*WHAT YOU WILL DO*: Please restate each line of the data that follows word for word, skipping any image.

*RECORDED INFORMATION*:
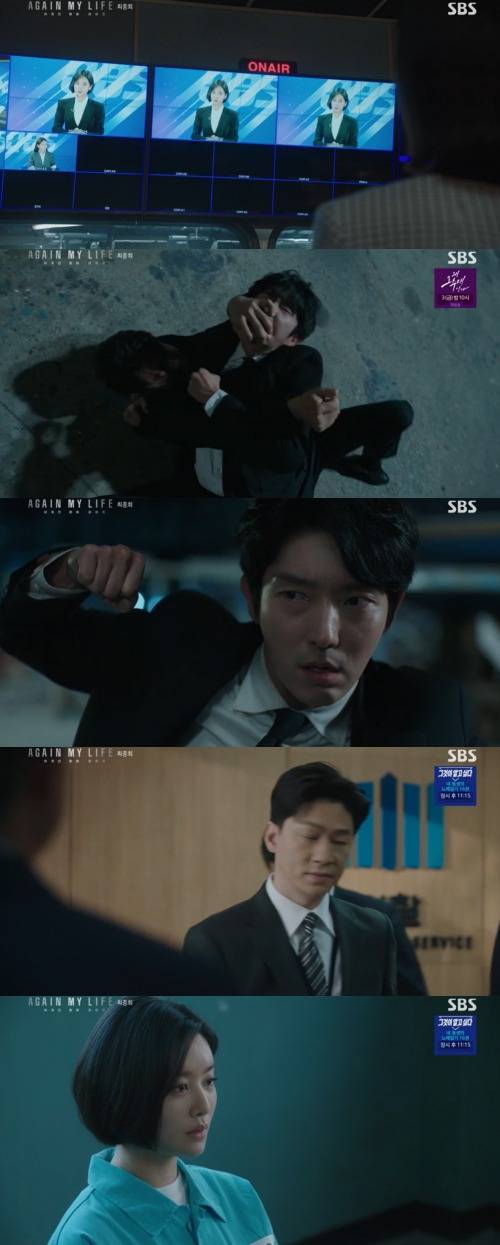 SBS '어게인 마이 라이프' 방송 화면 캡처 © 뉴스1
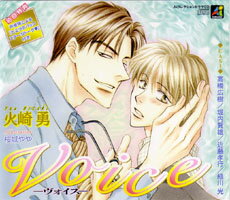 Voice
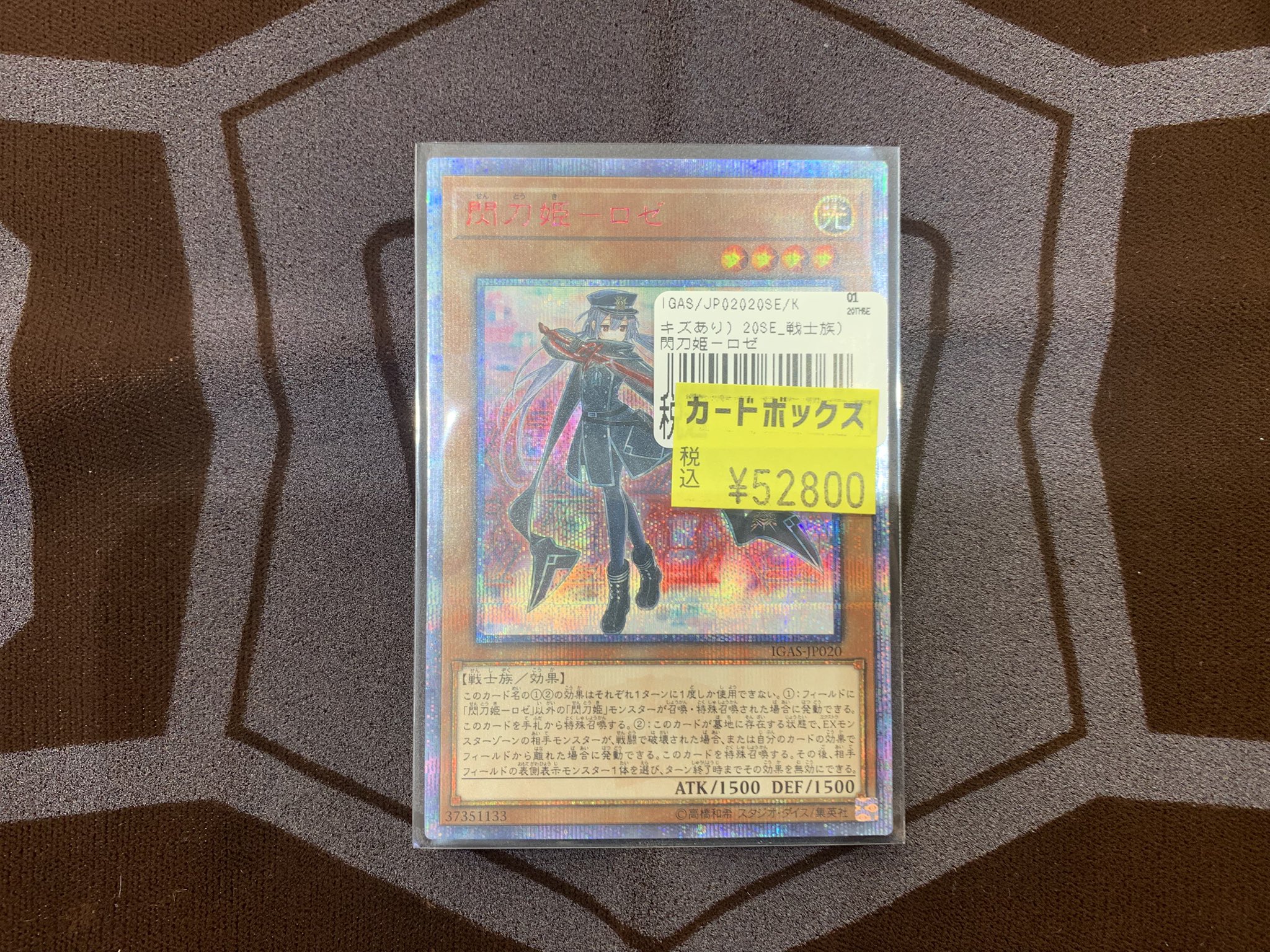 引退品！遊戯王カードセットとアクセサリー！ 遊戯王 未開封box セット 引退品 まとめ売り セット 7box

*RESULT*:
 SBS '어게인 마이 라이프' 방송 화면 캡처 © 뉴스1
 Voice
 引退品！遊戯王カードセットとアクセサリー！ 遊戯王 未開封box セット 引退品 まとめ売り セット 7box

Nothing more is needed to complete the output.